Innanzitutto il promemoria: oggi - permessi a parte - viaggiano solo le targhe pari. Ma aggiungiamo subito che anche quelle dispari avrebbero la possibilità di circolare, almeno fino ai parcheggi alle porte della città, vicino ai mezzi pubblici diretti in centro.

Si potrebbe scegliere il park and ride: mollare l´auto nel parking d´interscambio e salire sul tram. Il condizionale, però, è d´obbligo, perché - provare per credere - questi parcheggi sono desolatamente deserti. Tutti e tre: l´«Unione Sovietica», lo «Stura», vicino all´imbocco della tangenziale da corso Giulio Cesare e quello vicino allo stadio Delle Alpi. Consigliati dal sindaco, nella delibera sulle targhe alterne, come il luogo ideale per poter raggiungere Torino anche con la targa sbagliata, vengono completamente snobbati.
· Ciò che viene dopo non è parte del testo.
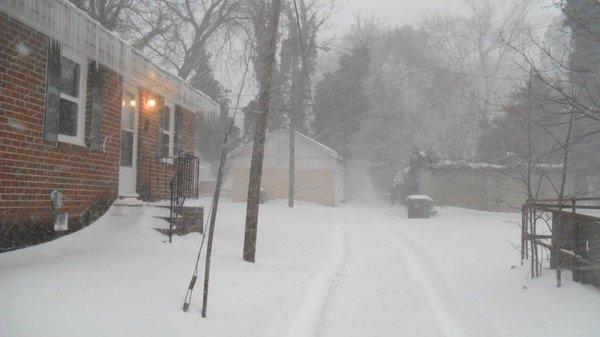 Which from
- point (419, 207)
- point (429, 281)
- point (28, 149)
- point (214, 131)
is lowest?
point (429, 281)

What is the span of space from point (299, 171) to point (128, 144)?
20.7 meters

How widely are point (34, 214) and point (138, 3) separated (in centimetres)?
1522

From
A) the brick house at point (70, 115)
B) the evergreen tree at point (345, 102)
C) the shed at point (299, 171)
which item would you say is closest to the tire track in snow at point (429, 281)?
the brick house at point (70, 115)

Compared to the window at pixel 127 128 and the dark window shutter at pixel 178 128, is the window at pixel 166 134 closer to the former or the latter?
the dark window shutter at pixel 178 128

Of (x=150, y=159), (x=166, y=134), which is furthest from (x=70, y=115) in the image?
(x=166, y=134)

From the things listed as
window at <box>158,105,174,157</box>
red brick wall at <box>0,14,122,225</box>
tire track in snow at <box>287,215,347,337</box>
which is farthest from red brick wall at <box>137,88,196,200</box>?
tire track in snow at <box>287,215,347,337</box>

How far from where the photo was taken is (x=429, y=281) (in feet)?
25.6

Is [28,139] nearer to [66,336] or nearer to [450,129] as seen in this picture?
[66,336]

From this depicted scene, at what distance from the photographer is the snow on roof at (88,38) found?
6.00 metres

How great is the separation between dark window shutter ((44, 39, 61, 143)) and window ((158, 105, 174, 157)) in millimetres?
4180

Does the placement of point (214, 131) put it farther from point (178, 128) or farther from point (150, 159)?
point (150, 159)

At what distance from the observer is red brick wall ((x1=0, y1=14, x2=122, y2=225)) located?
620 centimetres

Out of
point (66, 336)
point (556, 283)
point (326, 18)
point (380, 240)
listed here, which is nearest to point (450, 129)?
point (326, 18)

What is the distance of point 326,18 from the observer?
2411 centimetres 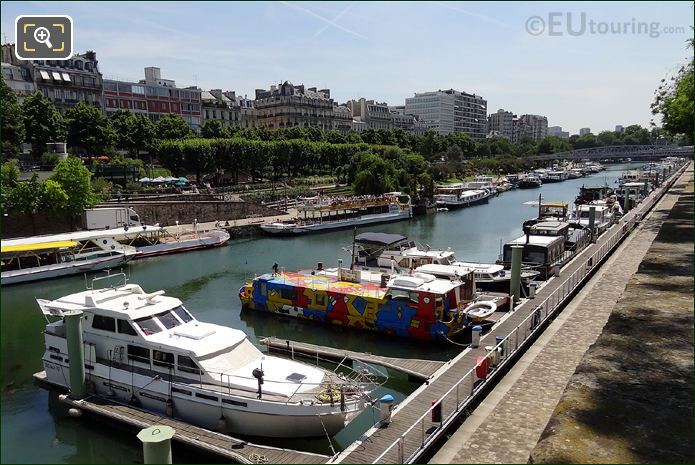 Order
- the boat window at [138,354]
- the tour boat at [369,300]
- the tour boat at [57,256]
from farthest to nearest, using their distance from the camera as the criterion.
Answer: the tour boat at [57,256], the tour boat at [369,300], the boat window at [138,354]

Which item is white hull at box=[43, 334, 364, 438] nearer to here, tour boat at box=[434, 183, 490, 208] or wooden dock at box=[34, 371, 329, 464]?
wooden dock at box=[34, 371, 329, 464]

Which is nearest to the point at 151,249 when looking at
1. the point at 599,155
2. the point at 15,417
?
the point at 15,417

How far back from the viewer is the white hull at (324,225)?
52.2 meters

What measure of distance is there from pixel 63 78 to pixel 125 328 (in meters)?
74.8

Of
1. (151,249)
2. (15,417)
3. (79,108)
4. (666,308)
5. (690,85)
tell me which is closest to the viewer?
(15,417)

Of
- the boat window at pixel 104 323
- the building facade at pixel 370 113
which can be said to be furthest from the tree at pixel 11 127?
the building facade at pixel 370 113

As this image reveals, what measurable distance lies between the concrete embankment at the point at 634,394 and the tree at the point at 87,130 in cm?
6138

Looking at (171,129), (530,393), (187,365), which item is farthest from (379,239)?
(171,129)

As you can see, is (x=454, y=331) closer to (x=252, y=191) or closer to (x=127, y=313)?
(x=127, y=313)

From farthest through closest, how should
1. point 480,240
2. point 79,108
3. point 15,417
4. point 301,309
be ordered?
point 79,108 < point 480,240 < point 301,309 < point 15,417

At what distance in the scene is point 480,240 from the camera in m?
48.1

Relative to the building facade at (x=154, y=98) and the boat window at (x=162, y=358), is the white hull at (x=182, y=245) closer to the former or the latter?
the boat window at (x=162, y=358)

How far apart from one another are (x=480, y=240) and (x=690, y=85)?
64.4ft

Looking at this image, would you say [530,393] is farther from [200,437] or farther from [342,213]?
[342,213] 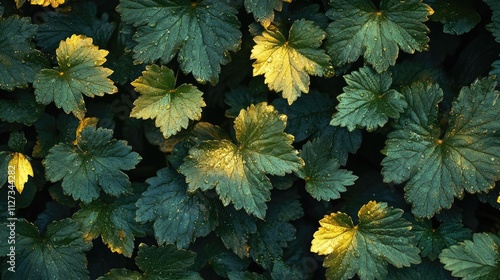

I pendolari preferiscono lasciare l´auto a casa e spostarsi esclusivamente in autobus oppure sfidare la legge a rischio multa - ieri i 145 vigili urbani impegnati nel servizio ne hanno staccate 162 su un totale di 1101 vetture controllate - piuttosto che sperimentare il park and ride. Perché? L´assessore alla Mobilità Maria Grazia Sestero individua due ordini di problemi. «Innanzitutto la questione culturale - dice - la gente deve abituarsi all´idea dello scambio di mezzo. Ci sono luoghi in cui abbandonate la macchina per usufruire dei mezzi pubblici è una consuetudine più che collaudata, da noi invece ancora no. Molto però dipende anche dallo scarso appeal di questi parcheggi». In che senso? «Non sono custoditi e quindi molti non si fidano a parcheggiare e poi non hanno accanto comodità come un´edicola, un bar, un´officina dove rivolgersi per eventuali riparazioni durante il periodo della sosta. In altre parole, queste aree non sono abbastanza accoglienti per il pubblico. Proprio per ovviare a simili disagi, i parcheggi d´interscambio che saranno costruiti entro uno, due anni, saranno dotati di quanto può essere utile a rendere più confortevole il parcheggio».

Nel frattempo? «Beh, al momento non possiamo che usare l´esistente, con l´auspicio che anche culturalmente il park and drive sia più accettato». Più critico il capogruppo consiliare dei Verdi, Giovanni Nigro: «Prima di tutto occorre accelerare il più possibile la costruzione dei due parcheggi d´interscambio in piazza Caio Mario e in zona Stura. E poi, bisogna chiarire una volta per tutte perché la gente non usa le aree attualmente a disposizione. La realtà è sotto gli occhi di tutti: quelle in pieno centro sono strausate, tanto da risultare insufficienti, mentre quelle decentrate sono deserte». Appunto, perché? «La verità è che l´ex assessore alla viabilità Franco Corsico ha sbagliato. Sissignore, ha sbagliato qualcosa nella scelta dei parking: evidentemente ci sono stati degli errori nei calcoli dei flussi del traffico. Non si spiega altrimenti l´intasamento di alcuni rispetto al semideserto di altri!».

Le polemiche non mancano neppure tra chi, a causa delle targhe alterne, viaggia in tram. «A causa della potatura degli alberi - segnalano alcuni lettori - abbiamo dovuto, prima, aspettare quasi mezz´ora le navette sostitutive, poi fare a gara per salire su mezzi stracolmi all´inverosimile».

E c´è anche chi, come Silvio Viale - presidente dell´Associazione radicale Adelaide Aglietta - boccia categoricamente la strategia delle targhe alterne: «Non serve a niente, perché le micropolveri si riducono, in media, solo del 6-7% entro le 24 ore e dello 0,02% in un anno. Una cifra del tutto ridicola e insignificante».